[Stored entries]
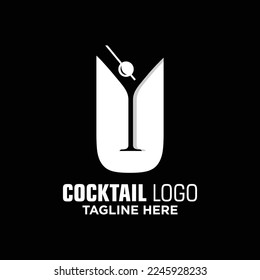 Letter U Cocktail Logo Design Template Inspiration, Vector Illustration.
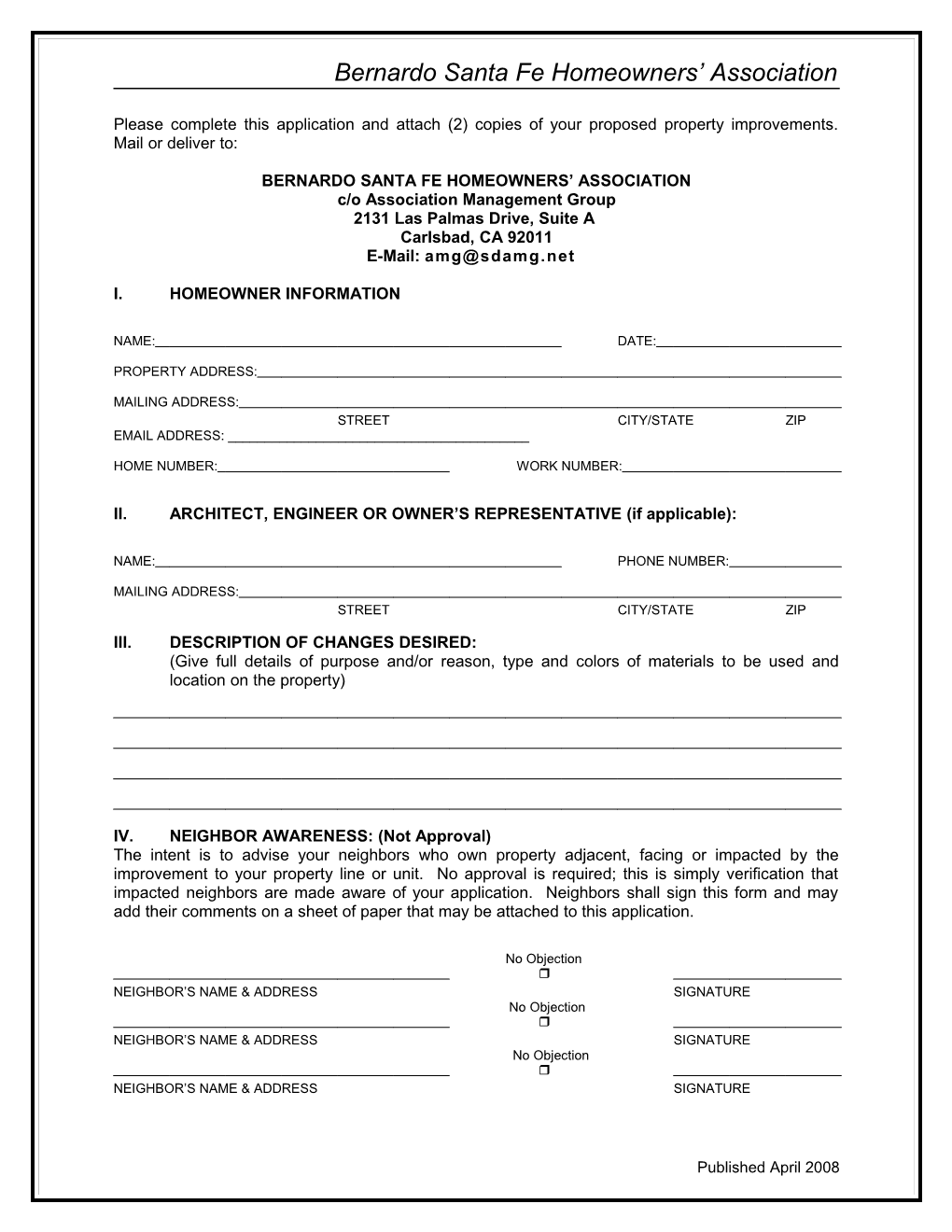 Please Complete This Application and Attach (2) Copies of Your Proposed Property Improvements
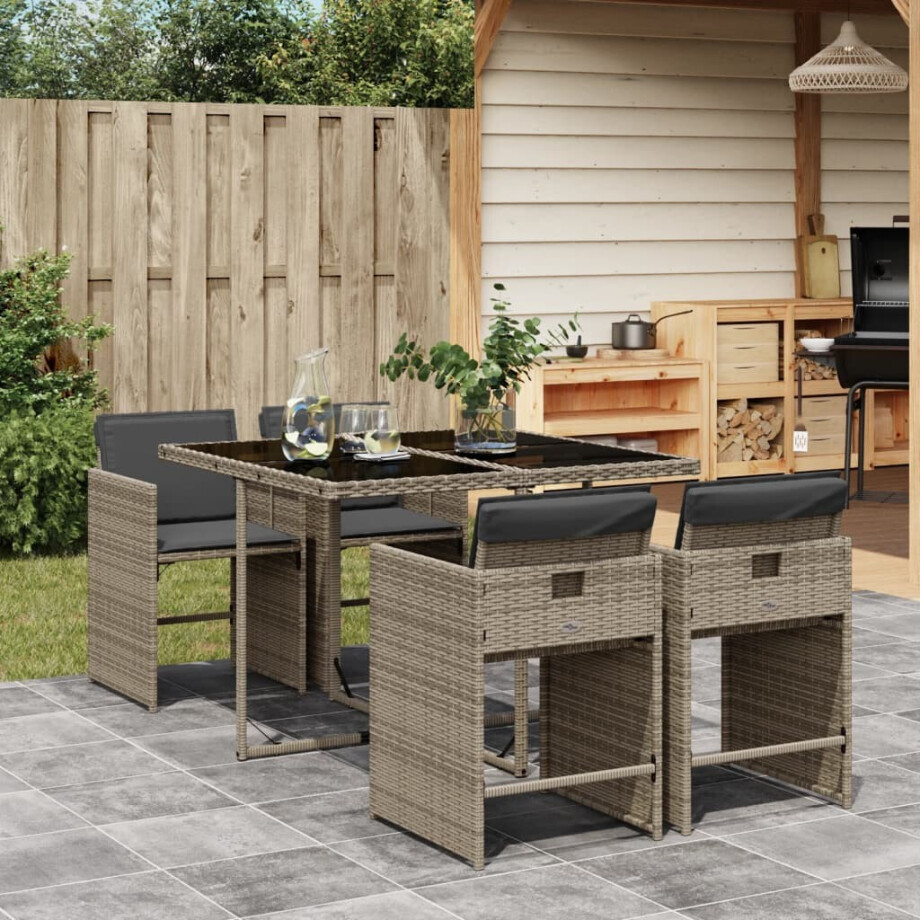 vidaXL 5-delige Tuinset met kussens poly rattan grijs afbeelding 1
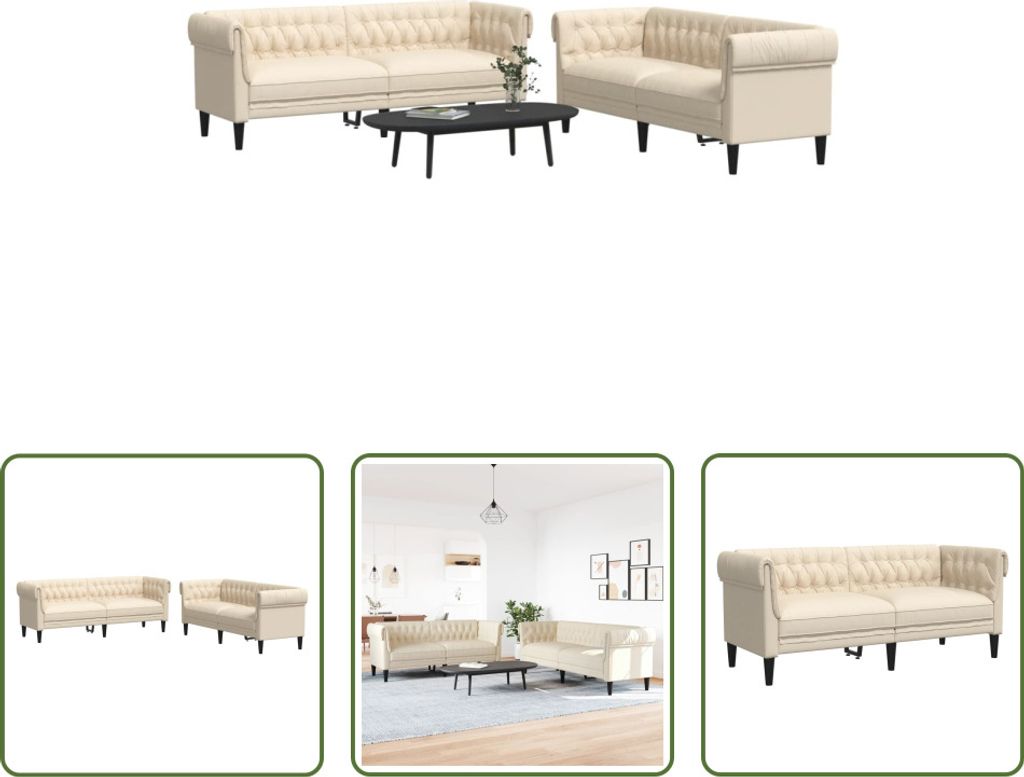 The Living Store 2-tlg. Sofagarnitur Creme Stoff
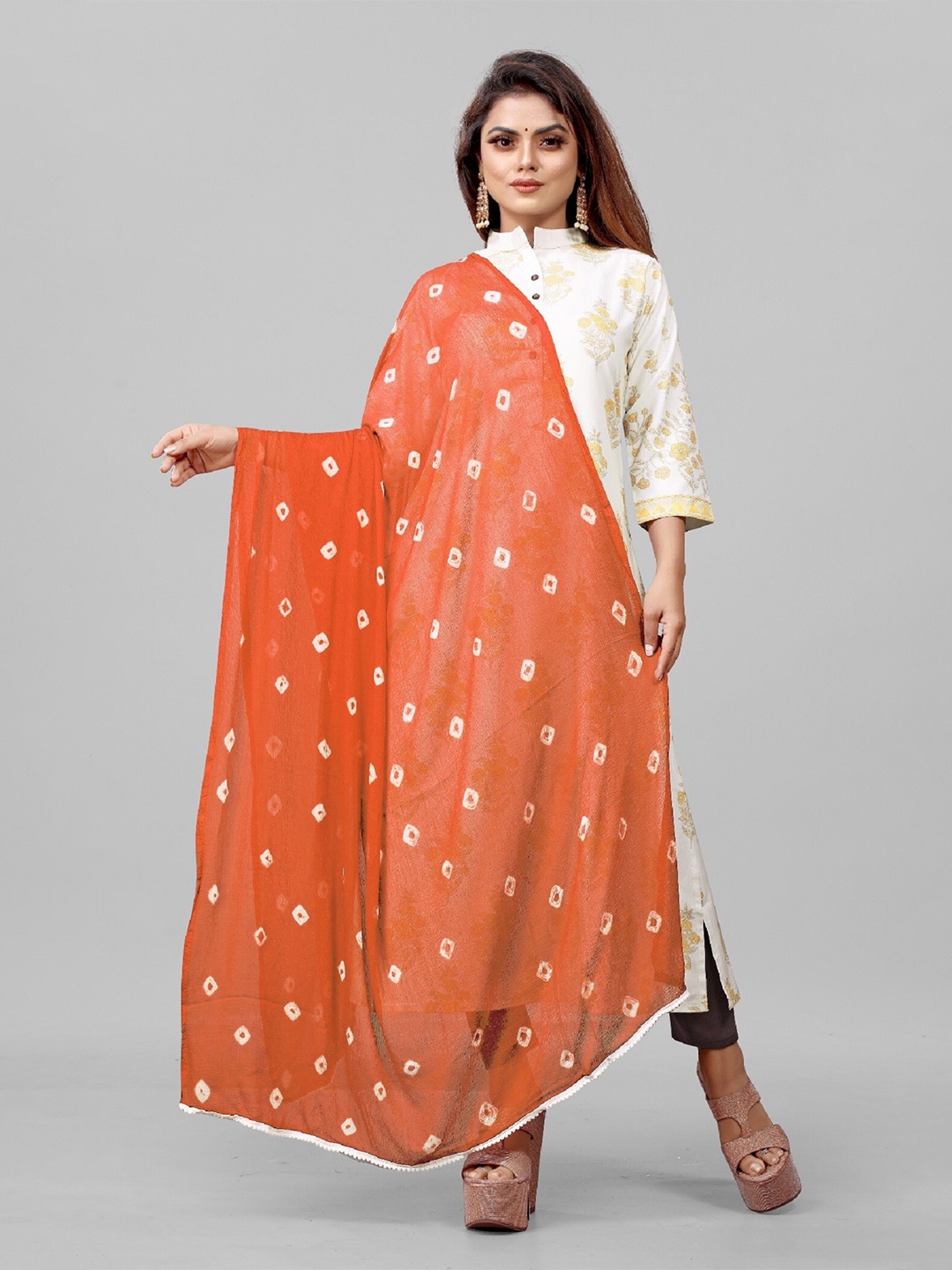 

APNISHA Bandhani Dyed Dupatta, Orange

» **Work required**
No pictures belong in the output. It should reproduce exactly the lines from the one containing "Please Complete This" through the end of the data, both ends included.

» **Problem solution**
 Please Complete This Application and Attach (2) Copies of Your Proposed Property Improvements
 vidaXL 5-delige Tuinset met kussens poly rattan grijs afbeelding 1
 The Living Store 2-tlg. Sofagarnitur Creme Stoff

APNISHA Bandhani Dyed Dupatta, Orange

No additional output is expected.